§ Collected data

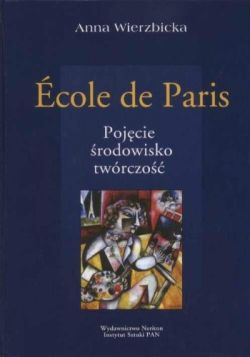 Okadka ksiki - Ecole de Paris. Pojcie, rodowisko, twrczo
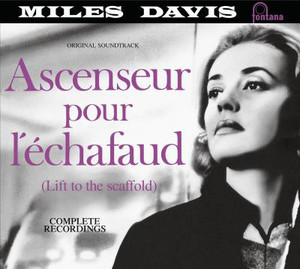 Miles Davis - Ascenseur Pour L'Echafaud (Lift To The Scaffold) Original Soundtrack - Compl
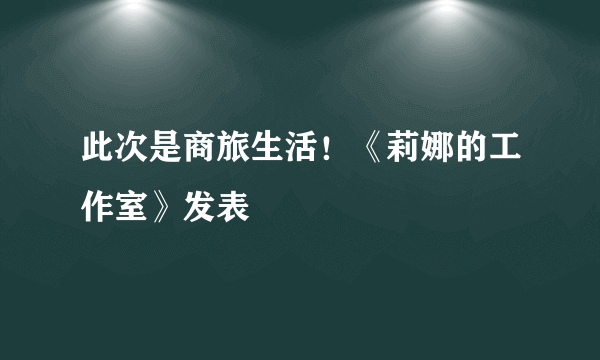 此次是商旅生活！《莉娜的工作室》发表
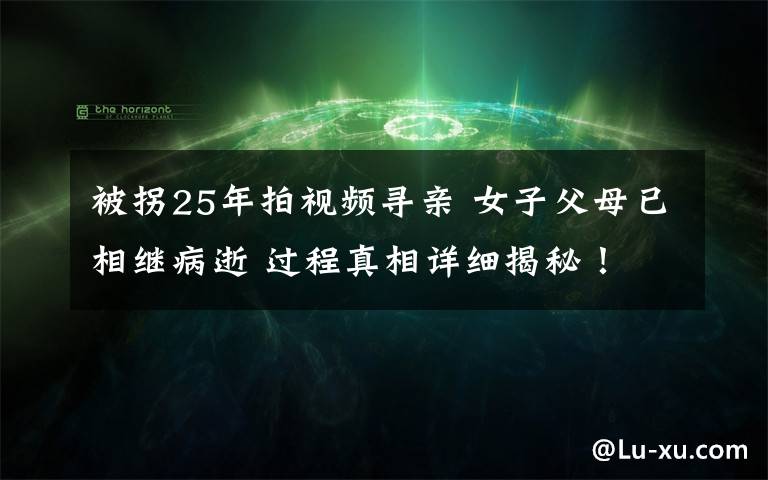 被拐25年拍视频寻亲 女子父母已相继病逝 过程真相详细揭秘！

§ About this exercise
Would you retype the listing above exactly, omitting its pictures?

§ Reply to the task
 Okadka ksiki - Ecole de Paris. Pojcie, rodowisko, twrczo
 Miles Davis - Ascenseur Pour L'Echafaud (Lift To The Scaffold) Original Soundtrack - Compl
 此次是商旅生活！《莉娜的工作室》发表
 被拐25年拍视频寻亲 女子父母已相继病逝 过程真相详细揭秘！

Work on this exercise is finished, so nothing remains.